DESCRIPTION OF THE TASK: The listing below must be repeated word for word, without its pictures.

EXTRACTED ENTRIES:
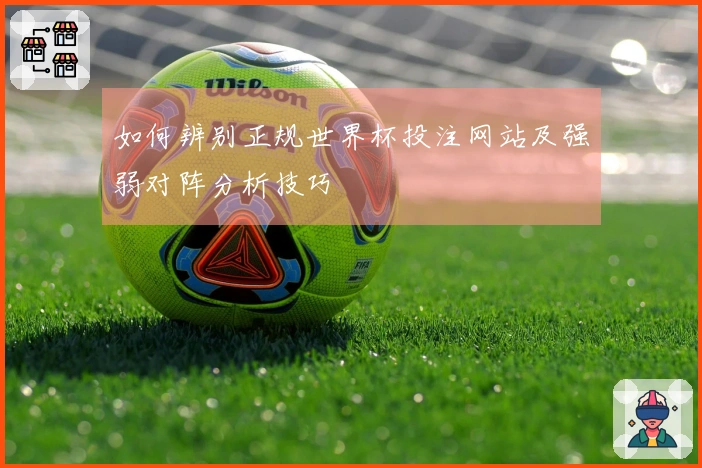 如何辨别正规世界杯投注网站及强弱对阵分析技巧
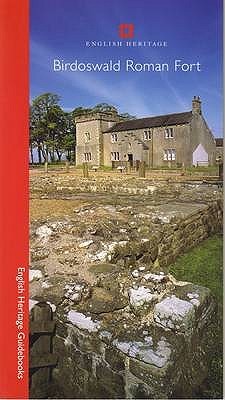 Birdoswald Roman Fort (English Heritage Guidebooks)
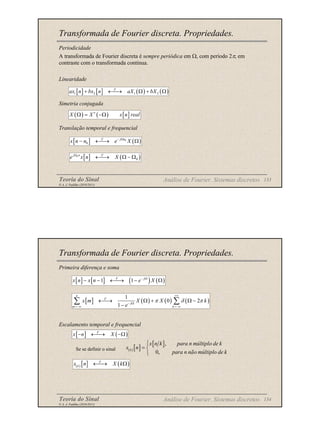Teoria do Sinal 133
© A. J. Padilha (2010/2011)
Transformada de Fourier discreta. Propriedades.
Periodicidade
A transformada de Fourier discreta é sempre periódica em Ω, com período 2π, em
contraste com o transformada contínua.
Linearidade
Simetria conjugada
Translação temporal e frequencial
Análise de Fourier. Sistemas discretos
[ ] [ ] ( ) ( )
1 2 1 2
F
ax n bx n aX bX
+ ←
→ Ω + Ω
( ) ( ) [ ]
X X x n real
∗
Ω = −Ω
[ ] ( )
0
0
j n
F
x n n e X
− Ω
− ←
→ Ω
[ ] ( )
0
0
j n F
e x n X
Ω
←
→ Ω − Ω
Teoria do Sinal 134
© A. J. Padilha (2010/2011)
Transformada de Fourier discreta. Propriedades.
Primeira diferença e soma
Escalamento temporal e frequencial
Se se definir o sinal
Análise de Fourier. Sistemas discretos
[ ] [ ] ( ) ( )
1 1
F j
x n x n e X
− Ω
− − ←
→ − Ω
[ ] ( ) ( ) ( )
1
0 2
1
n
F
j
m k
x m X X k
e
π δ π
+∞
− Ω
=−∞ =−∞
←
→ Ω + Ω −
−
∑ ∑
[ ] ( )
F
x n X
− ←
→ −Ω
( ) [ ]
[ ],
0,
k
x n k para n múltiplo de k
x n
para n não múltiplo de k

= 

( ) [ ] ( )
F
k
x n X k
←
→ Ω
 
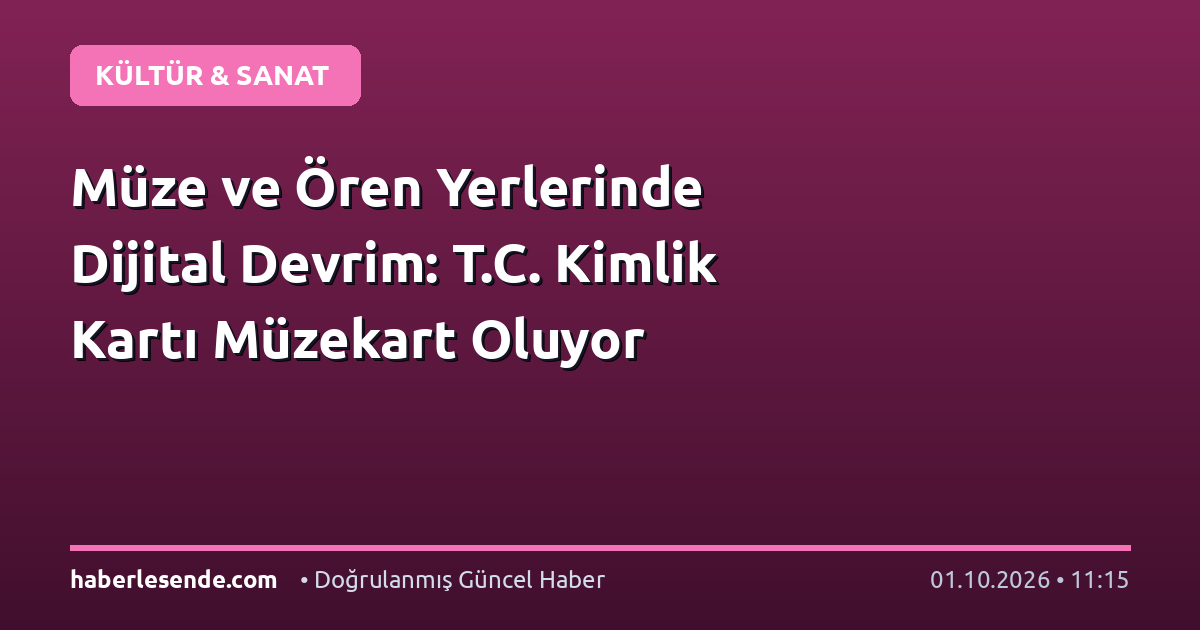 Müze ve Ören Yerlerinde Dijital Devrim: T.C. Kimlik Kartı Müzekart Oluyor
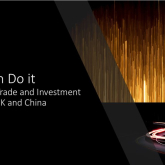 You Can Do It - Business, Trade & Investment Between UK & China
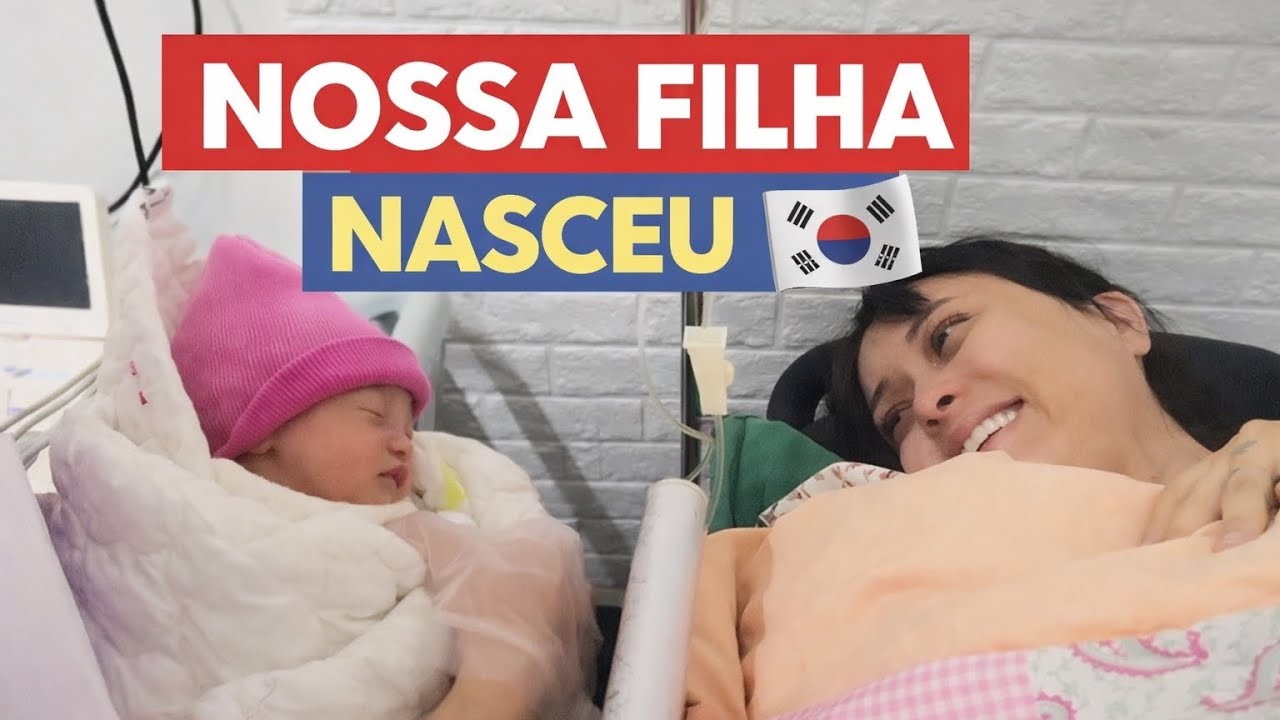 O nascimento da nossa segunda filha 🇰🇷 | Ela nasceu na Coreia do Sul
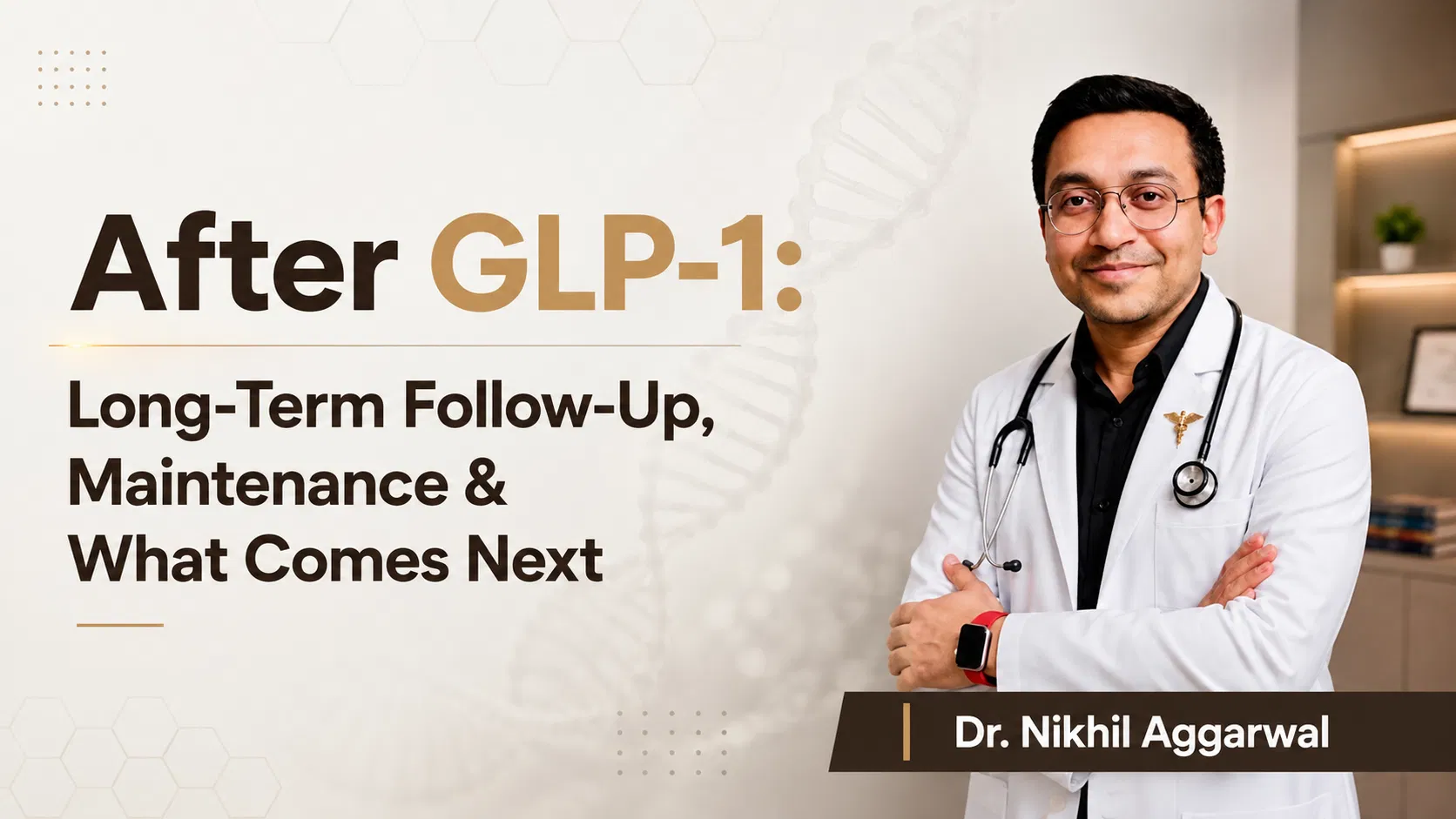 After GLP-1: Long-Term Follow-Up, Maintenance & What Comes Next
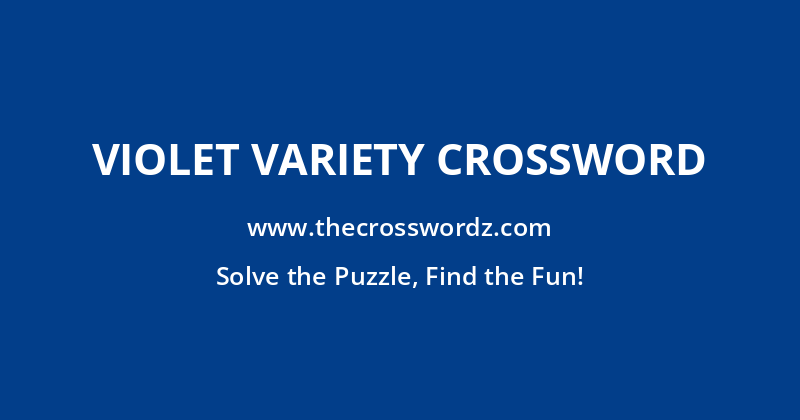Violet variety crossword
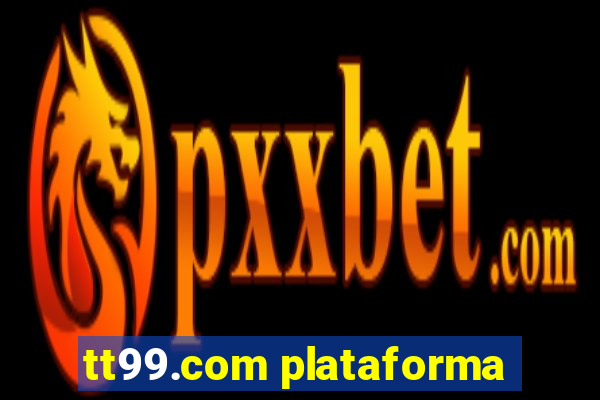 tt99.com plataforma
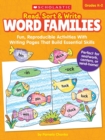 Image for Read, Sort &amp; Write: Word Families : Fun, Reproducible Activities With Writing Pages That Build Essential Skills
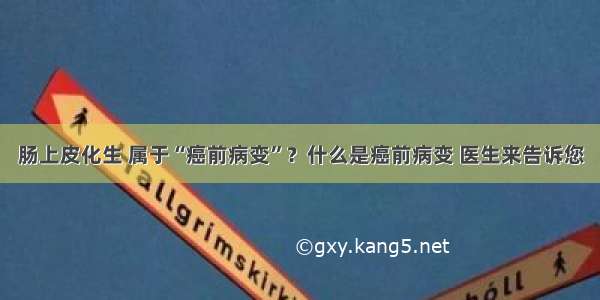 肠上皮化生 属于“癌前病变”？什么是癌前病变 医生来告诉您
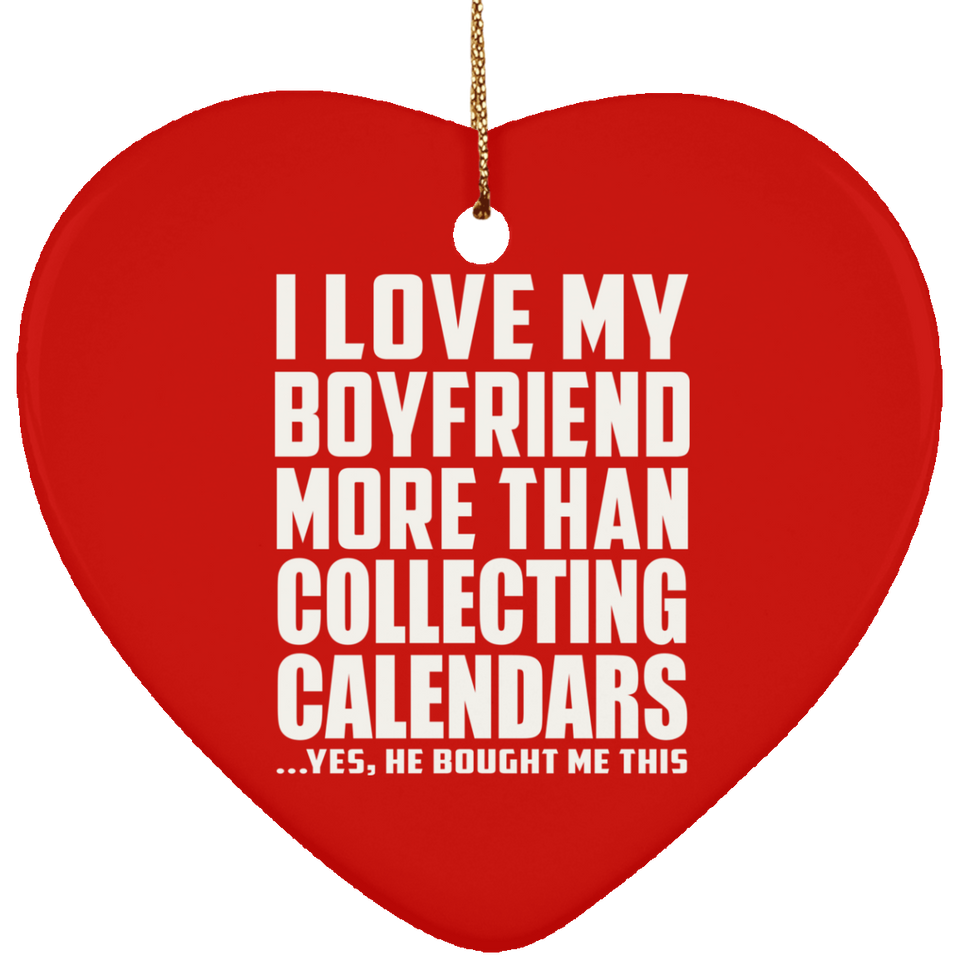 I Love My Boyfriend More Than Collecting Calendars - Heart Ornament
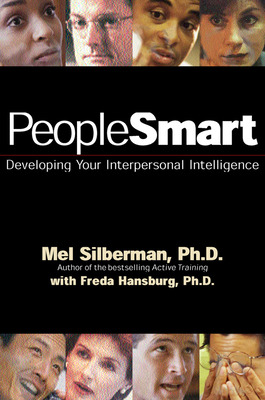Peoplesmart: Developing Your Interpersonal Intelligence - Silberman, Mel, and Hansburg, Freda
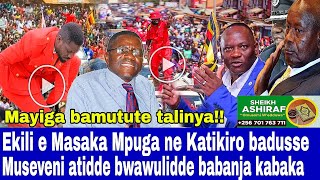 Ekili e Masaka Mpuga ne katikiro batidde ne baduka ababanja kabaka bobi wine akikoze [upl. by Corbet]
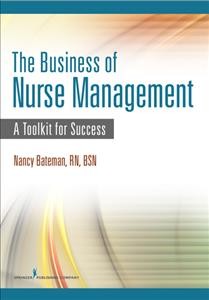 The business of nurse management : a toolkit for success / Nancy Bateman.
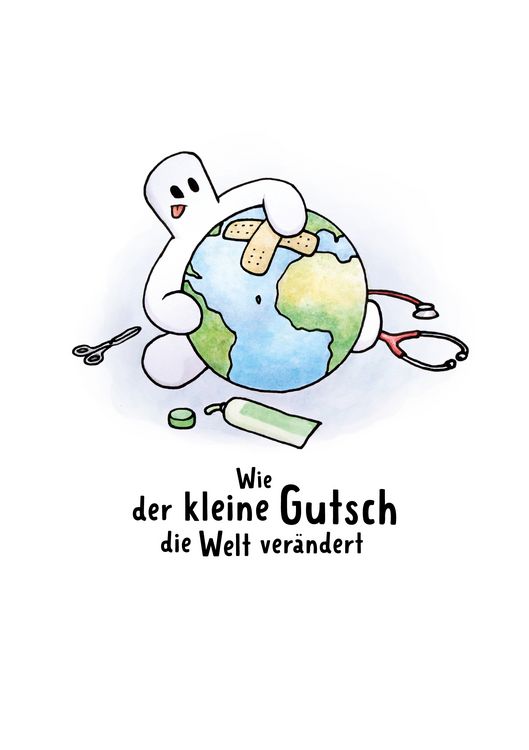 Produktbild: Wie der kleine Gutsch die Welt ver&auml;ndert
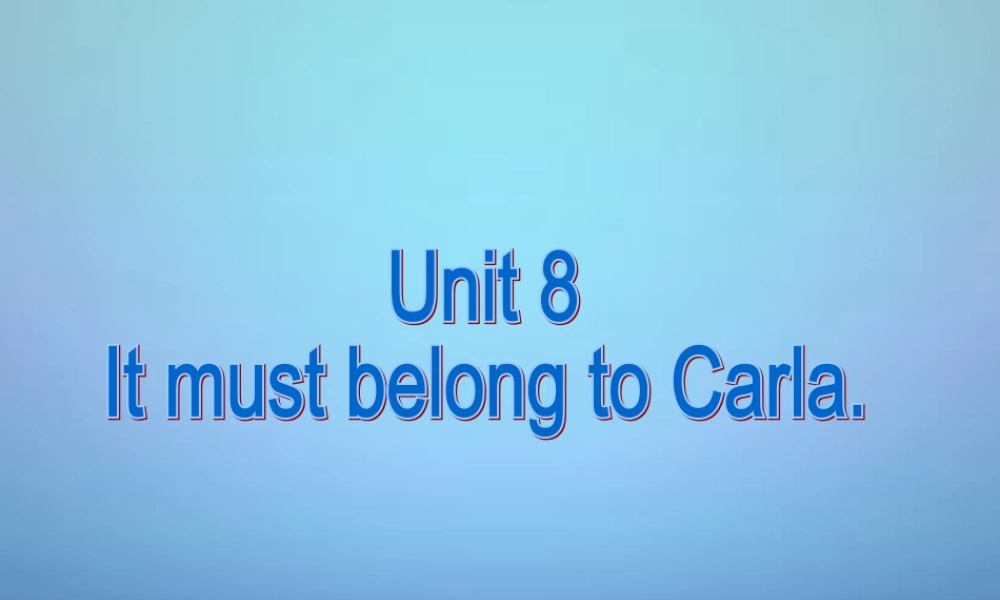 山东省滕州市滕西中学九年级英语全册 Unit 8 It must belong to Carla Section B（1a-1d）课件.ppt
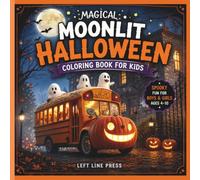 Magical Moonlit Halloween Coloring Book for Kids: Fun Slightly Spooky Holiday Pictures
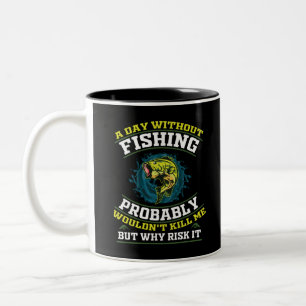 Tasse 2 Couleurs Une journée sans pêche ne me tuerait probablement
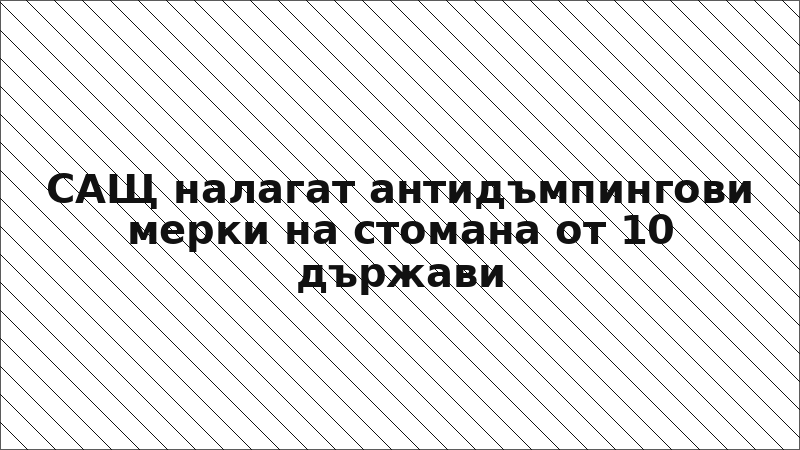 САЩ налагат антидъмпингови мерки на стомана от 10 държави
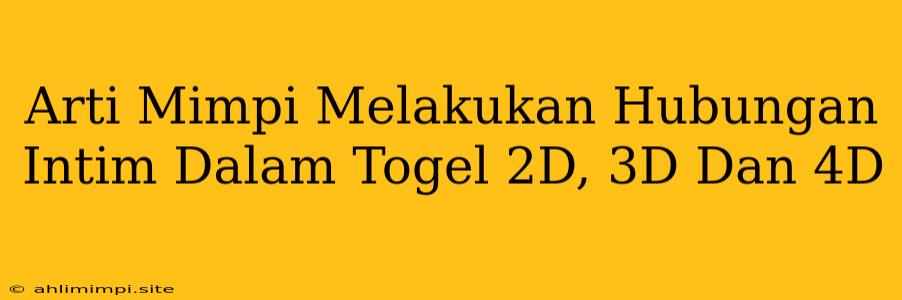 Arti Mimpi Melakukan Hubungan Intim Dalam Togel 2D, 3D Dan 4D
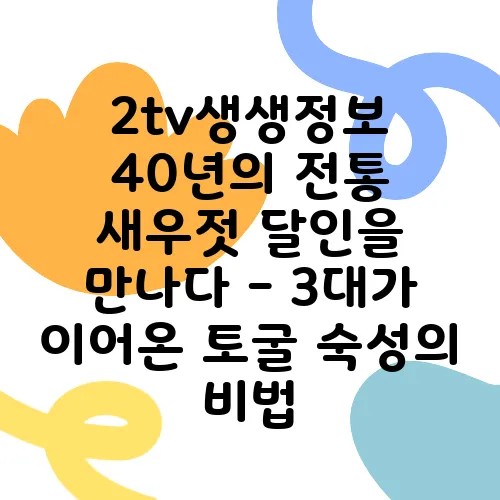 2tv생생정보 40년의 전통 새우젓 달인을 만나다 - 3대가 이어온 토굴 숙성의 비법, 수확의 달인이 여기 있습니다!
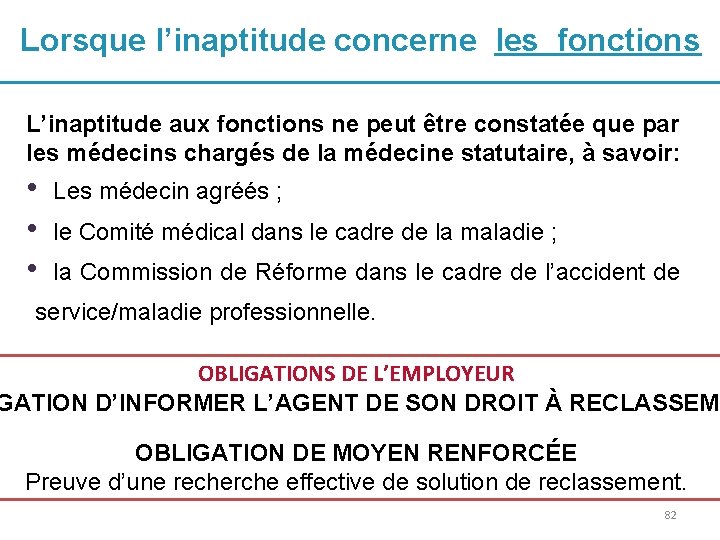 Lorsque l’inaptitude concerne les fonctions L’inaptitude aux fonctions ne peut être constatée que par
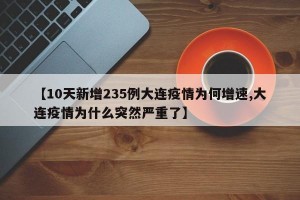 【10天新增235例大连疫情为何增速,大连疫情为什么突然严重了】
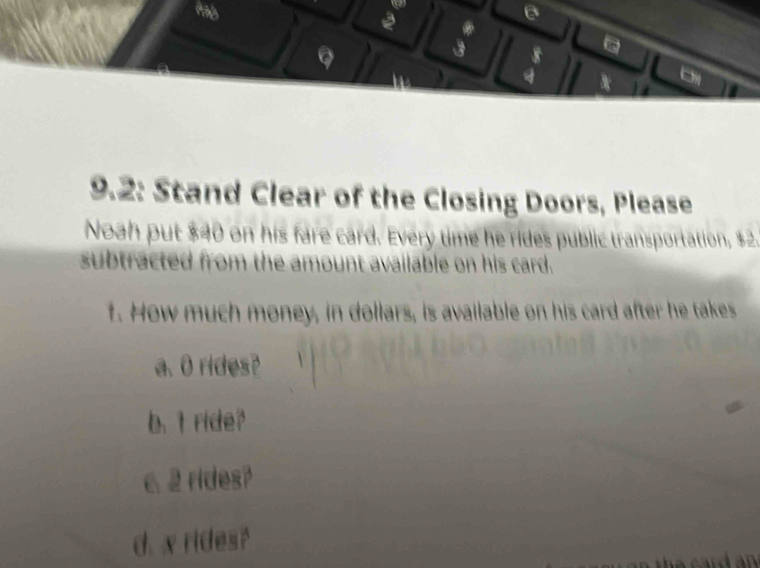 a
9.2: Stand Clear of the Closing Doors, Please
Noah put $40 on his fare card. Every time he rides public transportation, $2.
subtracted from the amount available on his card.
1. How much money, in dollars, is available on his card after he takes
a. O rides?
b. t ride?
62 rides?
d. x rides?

RESPONSE AREA:
 如何辨别正规世界杯投注网站及强弱对阵分析技巧
 Birdoswald Roman Fort (English Heritage Guidebooks)
Teoria do Sinal 133
© A. J. Padilha (2010/2011)
Transformada de Fourier discreta. Propriedades.
Periodicidade
A transformada de Fourier discreta é sempre periódica em Ω, com período 2π, em
contraste com o transformada contínua.
Linearidade
Simetria conjugada
Translação temporal e frequencial
Análise de Fourier. Sistemas discretos
[ ] [ ] ( ) ( )
1 2 1 2
F
ax n bx n aX bX
+ ←
→ Ω + Ω
( ) ( ) [ ]
X X x n real
∗
Ω = −Ω
[ ] ( )
0
0
j n
F
x n n e X
− Ω
− ←
→ Ω
[ ] ( )
0
0
j n F
e x n X
Ω
←
→ Ω − Ω
Teoria do Sinal 134
© A. J. Padilha (2010/2011)
Transformada de Fourier discreta. Propriedades.
Primeira diferença e soma
Escalamento temporal e frequencial
Se se definir o sinal
Análise de Fourier. Sistemas discretos
[ ] [ ] ( ) ( )
1 1
F j
x n x n e X
− Ω
− − ←
→ − Ω
[ ] ( ) ( ) ( )
1
0 2
1
n
F
j
m k
x m X X k
e
π δ π
+∞
− Ω
=−∞ =−∞
←
→ Ω + Ω −
−
∑ ∑
[ ] ( )
F
x n X
− ←
→ −Ω
( ) [ ]
[ ],
0,
k
x n k para n múltiplo de k
x n
para n não múltiplo de k

= 

( ) [ ] ( )
F
k
x n X k
←
→ Ω
 
 Müze ve Ören Yerlerinde Dijital Devrim: T.C. Kimlik Kartı Müzekart Oluyor
 You Can Do It - Business, Trade & Investment Between UK & China
 O nascimento da nossa segunda filha 🇰🇷 | Ela nasceu na Coreia do Sul
 After GLP-1: Long-Term Follow-Up, Maintenance & What Comes Next
Violet variety crossword
 tt99.com plataforma
 Image for Read, Sort &amp; Write: Word Families : Fun, Reproducible Activities With Writing Pages That Build Essential Skills
 肠上皮化生 属于“癌前病变”？什么是癌前病变 医生来告诉您
 I Love My Boyfriend More Than Collecting Calendars - Heart Ornament
Peoplesmart: Developing Your Interpersonal Intelligence - Silberman, Mel, and Hansburg, Freda
 Ekili e Masaka Mpuga ne katikiro batidde ne baduka ababanja kabaka bobi wine akikoze [upl. by Corbet]
 The business of nurse management : a toolkit for success / Nancy Bateman.
 Produktbild: Wie der kleine Gutsch die Welt ver&auml;ndert
 山东省滕州市滕西中学九年级英语全册 Unit 8 It must belong to Carla Section B（1a-1d）课件.ppt
 Magical Moonlit Halloween Coloring Book for Kids: Fun Slightly Spooky Holiday Pictures
 Tasse 2 Couleurs Une journée sans pêche ne me tuerait probablement
 САЩ налагат антидъмпингови мерки на стомана от 10 държави
 Arti Mimpi Melakukan Hubungan Intim Dalam Togel 2D, 3D Dan 4D
 2tv생생정보 40년의 전통 새우젓 달인을 만나다 - 3대가 이어온 토굴 숙성의 비법, 수확의 달인이 여기 있습니다!
 Lorsque l’inaptitude concerne les fonctions L’inaptitude aux fonctions ne peut être constatée que par
 【10天新增235例大连疫情为何增速,大连疫情为什么突然严重了】
 a
9.2: Stand Clear of the Closing Doors, Please
Noah put $40 on his fare card. Every time he rides public transportation, $2.
subtracted from the amount available on his card.
1. How much money, in dollars, is available on his card after he takes
a. O rides?
b. t ride?
62 rides?
d. x rides?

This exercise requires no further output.